Encyclopedie van Friesland

Prof. Dr. J.H. Brouwer (1958)

Gepubliceerd op 22-01-2020

STINSFLORA

betekenis & definitie

Planten, niet tot de inheemse Fr. flora behorend, maar alleen aangetroffen bij voormalige stinsen, oude boerderijen, op kerkhoven, in tuinen van oude pastorieën.

Hoewel men ook buiten Frl. op zulke plaatsen een dergelijke flora wel aantreft (Fraeylamaborg bij Slochteren, kasteelbossen in de Betuwe), valt het aantal vindplaatsen en soorten in Frl. op. De naam ‘stinsplanten’ is wrsch. door J. Botke voor het eerst gebruikt. Zeker is, dat ze hier door menselijke bemiddeling zijn terechtgekomen.

Men heeft gedacht dat deze planten zouden zijn ingevoerd als geneeskrachtige kruiden. Voor enkele kan dit waar zijn, voor andere (bijv. wilde tulp) zeker niet. Ook de veronderstelling dat de S. door kruisvaarders meegebracht of restant van kloostertuinen zou zijn, moet worden verworpen. Vrij zeker zijn sommige soorten aangeplant om in het vroege voorjaar bloeiende planten rond de stins te hebben, of als herinnering aan de zuidelijke omgeving, waar sommige stinsbewoners geboren waren.

De bekendste en rijkste vindplaatsen zijn Martenastate te Kornjum, waar nagenoeg alle soorten voorkomen, Dekemastate te Jelsum en Jongemastate te Rauwerd. Van iets minder betekenis: Epemastate te Ysbrechtum, Harstastate te Hogebeintum, Aylvastate te Ternaard, kerkhof (voormalig Tjaerdastate) te Rinsumageest, Schierstins te Veenwouden. Dan zijn er plaatsen, vooral op de klei, waar een of enkele soorten voorkomen, soms massaal.

De meest algemene stinsplant is de helmbloem. Deze treft men haast op elke vindplaats aan. Op de klei is ook de wilde tulp algemeen, bijzonder rijk op Aylvastate. Een andere fraaie soort is het Haarlems klokkenspel, de gevulde vorm van de knol-steenbreek. Het komt in fraaie begroeiing voor te Veenwouden (Schierstins), Oudkerk (Klinze), Hogebeintum (Harsta). Holwortel vrij vaak op klei.

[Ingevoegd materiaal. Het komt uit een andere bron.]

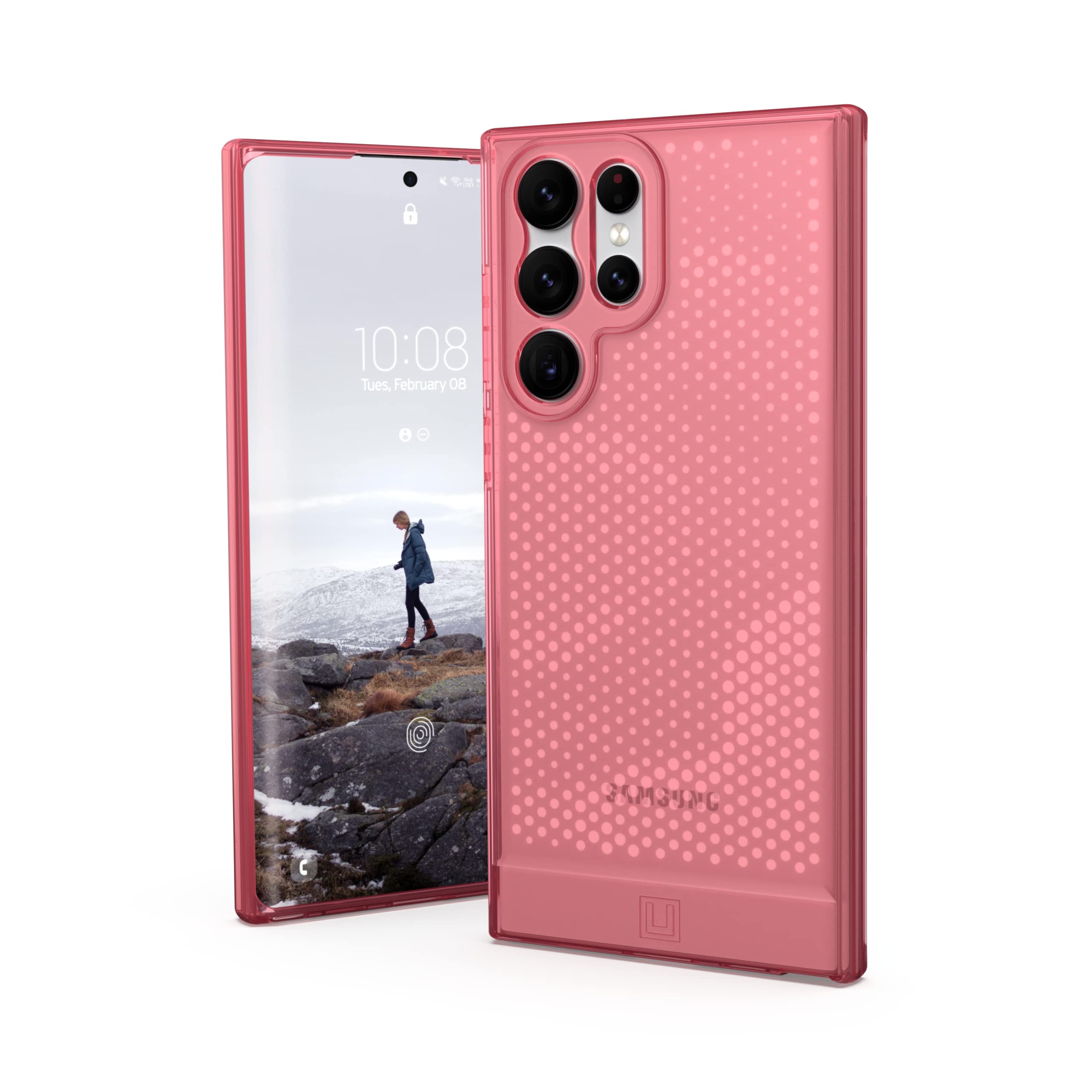 URBAN ARMOR GEAR [U] by UAG Designed for Samsung Galaxy S22 Ultra Case Clear Red Clay Lucent Slim Fit Lightweight Stylish Transparent Impact Resistant Protective Phone Cover, [6.8 inch Screen]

Longenkruid en sleutelbloem treft men op enkele plaatsen aan. Mogelijk kwamen deze soorten op meer plaatsen voor, wat ook geldt voor de winterakoniet (Ayttastate bij Swichum en Jongemastate). Vrij veel vindt men weer de gele anemoon; daslook vertoont een massale vegetatie o.a. op Dekemastate en in de pastorie tuin te Oudkerk. Massaal groeien ook de krokussen op Èpemastate te Ysbrechtum, die hier stellig tot de S. gerekend mogen worden.

Zie: De Lev. Nat. (1935), nrs. 6 en 7.